The NLD has accelerated its efforts to amend the charter in recent months, focusing on the clause that hands an effective veto on key constitutional amendments to the army.

It garnered some five million signatures in a nationwide petition on the issue last year. But military members have vociferously opposed any reduction to their voting privileges.

A long-awaited draft bill, published in state media this month and due to be debated in parliament in the coming days, slightly reduced the voting threshold for amendments, from 75 percent to 70 percent, making it easier for elected lawmakers to vote them through.

But it kept the provision that bars Suu Kyi from becoming president, meaning that parliament will instead choose who should hold the top post following the election.

The veteran activist, who turned 70 on Friday (Jun 19), reiterated her recent call for clean politics in her address to party members, adding that the NLD would ask its electoral candidates to declare their assets and those of their spouses.

The move is a shot across the bows for the elite in Myanmar, where years of junta rule and cronyism have left the country saturated by corruption.
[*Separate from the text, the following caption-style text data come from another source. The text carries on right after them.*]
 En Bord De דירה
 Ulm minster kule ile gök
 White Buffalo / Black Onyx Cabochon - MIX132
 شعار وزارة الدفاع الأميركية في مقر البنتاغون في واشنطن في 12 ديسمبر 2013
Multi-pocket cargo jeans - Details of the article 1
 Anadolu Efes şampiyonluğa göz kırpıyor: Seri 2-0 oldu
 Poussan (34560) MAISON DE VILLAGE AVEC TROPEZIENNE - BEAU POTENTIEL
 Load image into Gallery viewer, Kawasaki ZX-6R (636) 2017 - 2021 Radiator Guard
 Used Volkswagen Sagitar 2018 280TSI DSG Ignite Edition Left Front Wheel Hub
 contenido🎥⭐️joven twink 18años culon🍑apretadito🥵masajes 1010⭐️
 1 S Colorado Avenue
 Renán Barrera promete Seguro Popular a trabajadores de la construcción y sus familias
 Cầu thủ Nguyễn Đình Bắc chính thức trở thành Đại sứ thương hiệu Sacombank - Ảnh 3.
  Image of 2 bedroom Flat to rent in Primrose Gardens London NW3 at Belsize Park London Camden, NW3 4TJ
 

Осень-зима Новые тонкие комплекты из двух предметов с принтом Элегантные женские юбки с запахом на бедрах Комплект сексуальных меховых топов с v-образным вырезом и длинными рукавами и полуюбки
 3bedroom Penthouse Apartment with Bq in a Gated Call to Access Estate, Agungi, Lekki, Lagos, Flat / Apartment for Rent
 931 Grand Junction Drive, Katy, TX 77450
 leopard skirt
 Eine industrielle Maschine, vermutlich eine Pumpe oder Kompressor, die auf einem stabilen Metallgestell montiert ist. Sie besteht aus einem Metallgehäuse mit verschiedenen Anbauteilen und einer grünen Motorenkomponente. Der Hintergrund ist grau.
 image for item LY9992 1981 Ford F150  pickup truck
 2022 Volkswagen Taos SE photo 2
It was ranked 156 out of 175 nations in Transparency International's 2014 index of least corrupt countries.

Myanmar began emerging from military rule in 2011 following an election marred by widespread accusations of cheating and the absence of the NLD.

The nation was widely praised for launching a spread of economic and political reforms, with most international sanctions against it dropped. But in recent months, rights groups and Suu Kyi have warned that the country's transition towards democracy has stalled.

The NLD last competed in a nationwide vote in 1990, when it won by a landslide but was never allowed to take power.